Task requirements ▸ An exact restatement of the data is required, with the images omitted.
** Opening Provided material block **
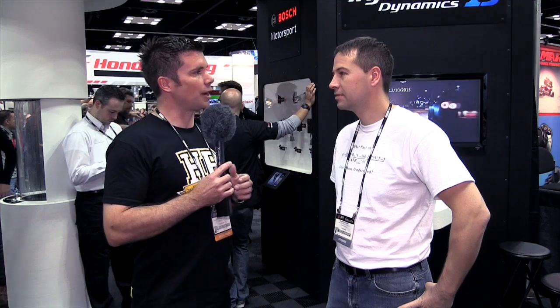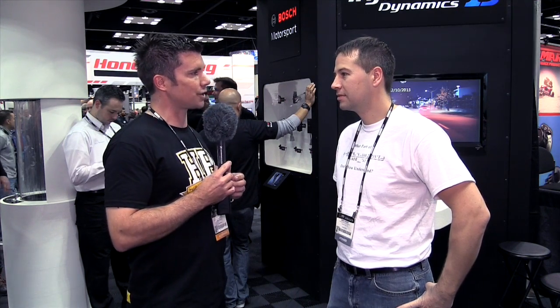It's Andre from the High Performance Academy and I'm here with Greg Banish from Calibrated Success. Greg's got a pretty rich history in EFI tuning. He's one of the few guys I've met who is involved in OEM tuning — not just the standalone aftermarket stuff that most of us are into — he's actually doing OEM tuning for OEM engines. Greg, can you tell us a little bit about your history and how you got started tuning?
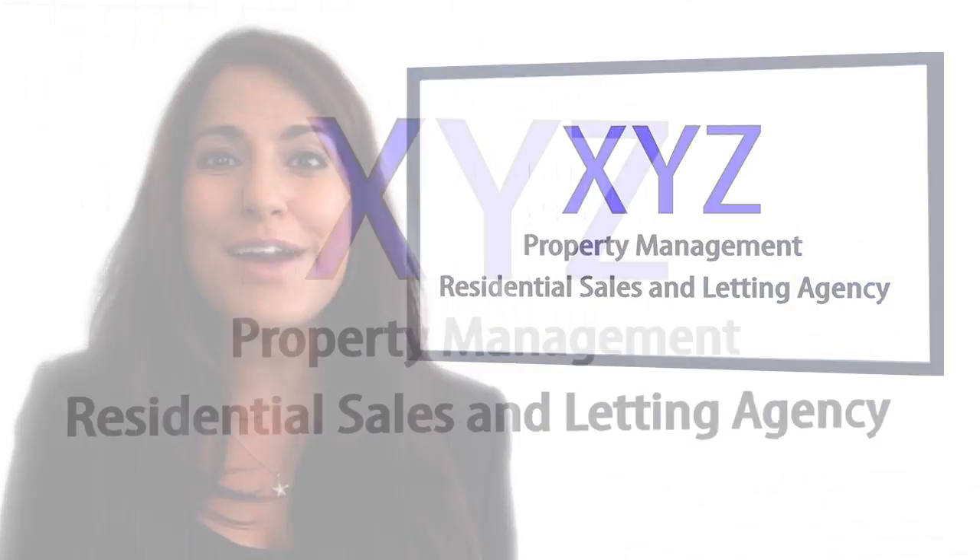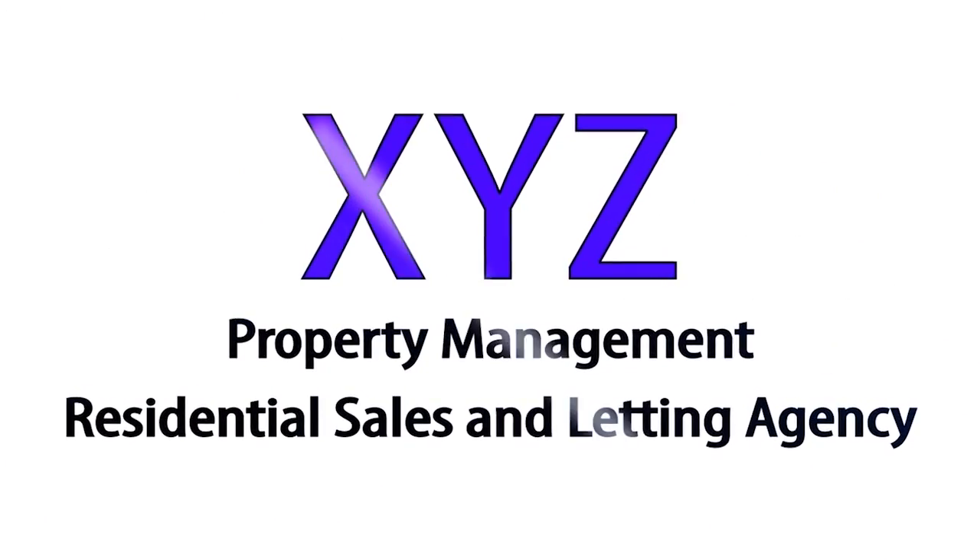Contact XYZ Properties today to find out how this property could become your new home.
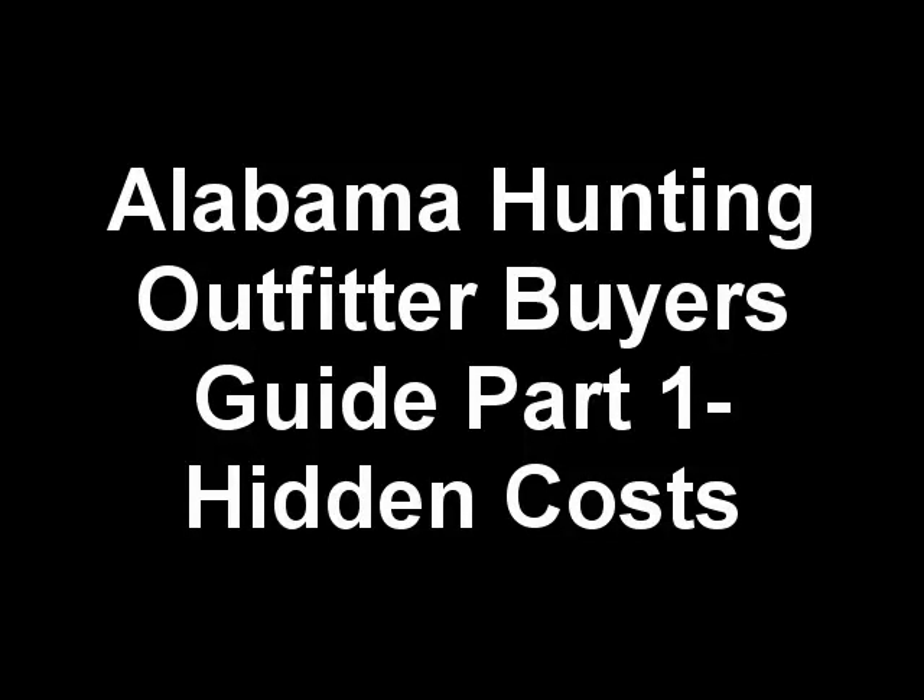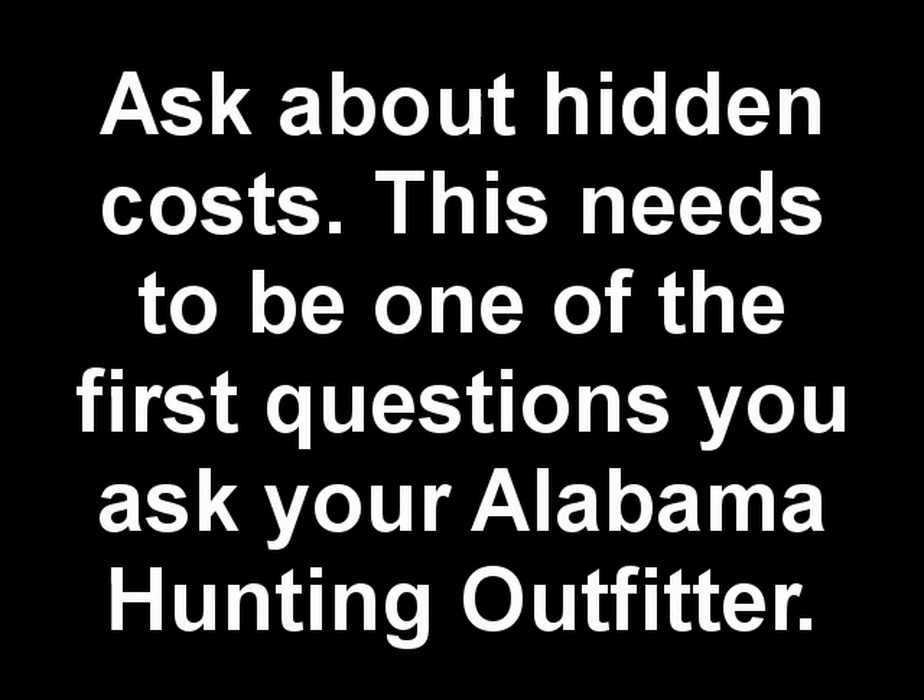Alabama Hunting Outfitter Buyer's Guide, Part 1: Hidden Costs. Time for another hunting tip from Alabama Hunting Outfitters Headquarters. Today's tip: ask about hidden costs. This needs to be one of the first questions you ask your Alabama Hunting Outfitter.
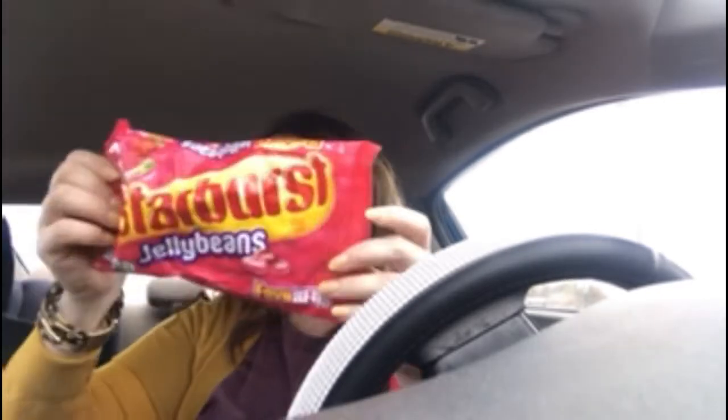We have a little gumball machine I got from the Target dollar spot, and I like to fill it up with seasonal candy. So I got some Starburst jelly beans to put in there — this is the 14-ounce bag. I don't know the prices exactly, but it was like two-something.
** Closing Provided material block **
Response to this task ▸
It's Andre from the High Performance Academy and I'm here with Greg Banish from Calibrated Success. Greg's got a pretty rich history in EFI tuning. He's one of the few guys I've met who is involved in OEM tuning — not just the standalone aftermarket stuff that most of us are into — he's actually doing OEM tuning for OEM engines. Greg, can you tell us a little bit about your history and how you got started tuning?
Contact XYZ Properties today to find out how this property could become your new home.
Alabama Hunting Outfitter Buyer's Guide, Part 1: Hidden Costs. Time for another hunting tip from Alabama Hunting Outfitters Headquarters. Today's tip: ask about hidden costs. This needs to be one of the first questions you ask your Alabama Hunting Outfitter.
We have a little gumball machine I got from the Target dollar spot, and I like to fill it up with seasonal candy. So I got some Starburst jelly beans to put in there — this is the 14-ounce bag. I don't know the prices exactly, but it was like two-something.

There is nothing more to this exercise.